Collector Of Central Excise vs Atlas Radio And Electronics Pvt. Ltd. on 12 October, 1988

Equivalent citations: 1988(18)ECC119, 1989(39)ELT123(TRI-DEL)

ORDER
 

K.L. Rekhi, Member (T)
 

1. The respondents manufactured etched aluminium foils out of duty paid plain aluminium foils purchased from the market. Both the plain foils as well as the etched foils fell under Tariff item 27(c) of the erstwhile Central Excise Tariff. The effective rate of Central Excise duty was fixed by exemption Notification No. 77/72-C.E., dated 17.03.1972, as amended from time to time. During the material period, that is, from 01.12.1979 to 08.05.1980, the notification fixed the effective rate at 32% ad valorem. Further, the proviso in this notification gave set off or reduction to the extent of the duty (Central Excise duty or additional customs duty), if any, already paid on the plain aluminium foil out of which etched etc. foils were made. By the impugned order, the Collector (Appeals) gave benefit of this exemption notification to the respondents. The Appellant Collector wants the impugned order to be set aside on the following two grounds:-

(i) since the Collector (Appeals) had held in the same order that the respondents had at no stage disclosed their activity of manufacture of etched foils out of plain foils to the department, they were not entitled to the benefit of the exemption notification;
(ii) since the respondents had not applied for permission to work under the proforma credit procedure of Rule 56A, the benefit of set off or reduction given by the proviso in the aforesaid notification could not be given to them.
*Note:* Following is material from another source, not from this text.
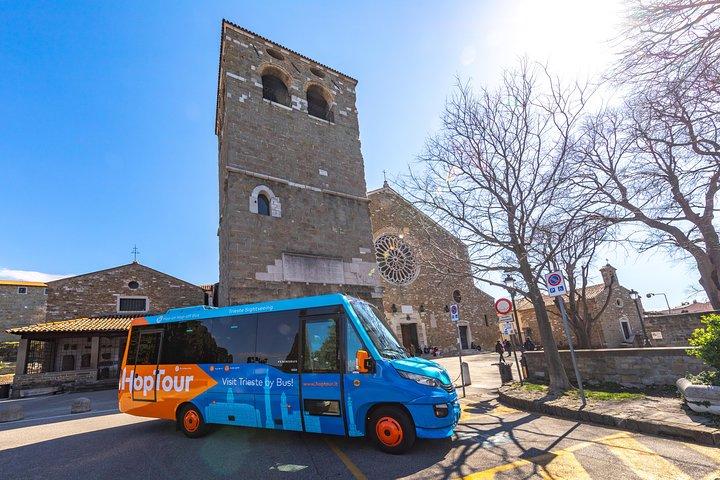 Tour di Trieste in autobus con audioguida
The Ld. Representative of the department reiterated the above grounds.

2. On careful consideration, we find no merit in either of the aforesaid grounds advanced by the Revenue. The concessional rate laid down in the exemption notification was not dependent on the condition that it would be applicable to only those manufacturers who had disclosed their manufacturing activity to the department and would not be applicable to others in whose case the manufacturing activity was detected later by the department. The rate of duty was quite independent of the questions of taking out a licence or filing a classification list etc. The concessional rate was applicable to all manufacturers who fulfilled the terms of the notification. The fact of non-disclosure would determine the question whether the demand for duty would be restricted to 6 months or it would extend to 5 years. Once the period of the demand is so determined, the rate of duty applicable to the demand would have to be the effective rate applicable in force. We have not been shown any authority in law which says that every assessee held guilty of unauthorised removals would have to pay duty only at the higher tariff rate and that they would stand debarred from availing of the exempted rate, even though otherwise applicable, by the mere reason of their suppressed activity.
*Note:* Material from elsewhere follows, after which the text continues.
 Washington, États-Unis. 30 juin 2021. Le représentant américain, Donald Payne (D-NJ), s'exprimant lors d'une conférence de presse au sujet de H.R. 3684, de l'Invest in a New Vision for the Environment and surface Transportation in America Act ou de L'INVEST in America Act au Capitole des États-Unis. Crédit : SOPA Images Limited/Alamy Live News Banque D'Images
3. We also find no condition laid down in the aforesaid exemption notification to the effect that the grant of set off or reduction in duty would be dependent on Rule 56-A procedure being followed. In the absence of such a mandatory condition, in the notification, the Collector cannot insist on the respondents observing Rule 56-A procedure. '

4. The respondents cited the Supreme Court Jdgment in the case of Kiran Spinning Mills -1988 (34) E.L.T. 5 (S.C.). The ratio of this Judgment is that it is not enough if two products have a distinct commercial nomenclature; the tariff entry or sub-entry should also recognise them as two different products. This Judgment would be relevant if the respondents had come up in appeal or if they had filed a cross-appeal. In that event, they could have made a claim for even greater relief than what was given to them by the Collector (Appeals). But the respondents have done no such thing. It is the Department which is in appeal before us.

5. Since we find no substance in the department's appeal, we dismiss it.